## EXERCISE OBJECTIVE
Excluding pictures, what does the listing below contain from the line with "Honda City V i-VTEC 2019" up to and including the line with "Komnas HAM akan", word for word?

## EXTRACTED MATERIAL
━━━━━━
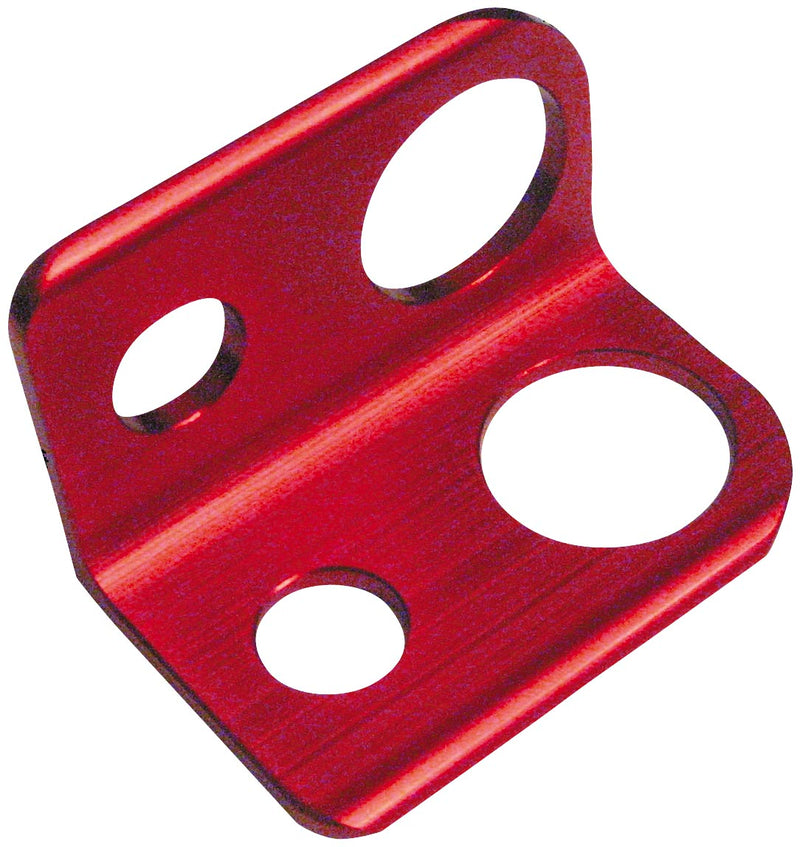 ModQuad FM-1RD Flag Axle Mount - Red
━━━━━━
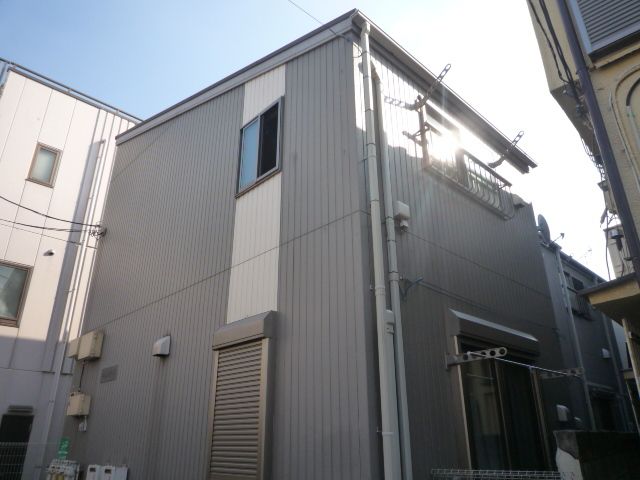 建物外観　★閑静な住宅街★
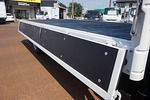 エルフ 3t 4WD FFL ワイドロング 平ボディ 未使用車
━━━━━━
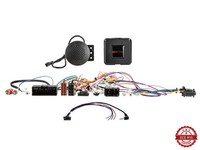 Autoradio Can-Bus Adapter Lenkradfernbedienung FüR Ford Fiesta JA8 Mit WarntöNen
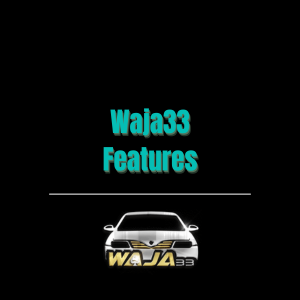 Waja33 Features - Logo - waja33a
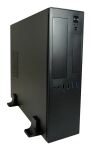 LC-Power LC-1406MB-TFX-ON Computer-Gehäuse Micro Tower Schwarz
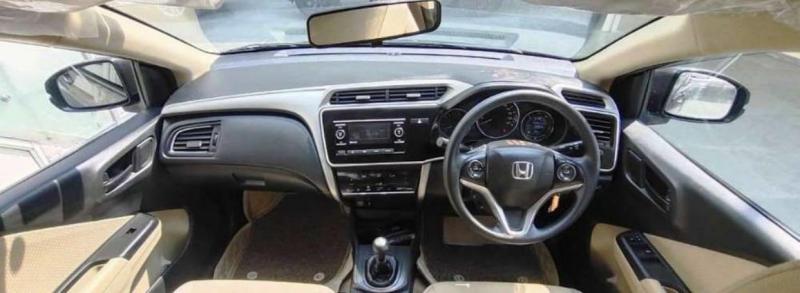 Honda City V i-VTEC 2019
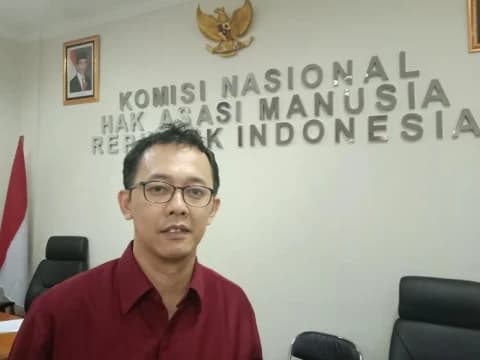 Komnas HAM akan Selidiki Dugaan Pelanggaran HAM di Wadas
━━━━━━
## SOLUTION
 Honda City V i-VTEC 2019
 Komnas HAM akan Selidiki Dugaan Pelanggaran HAM di Wadas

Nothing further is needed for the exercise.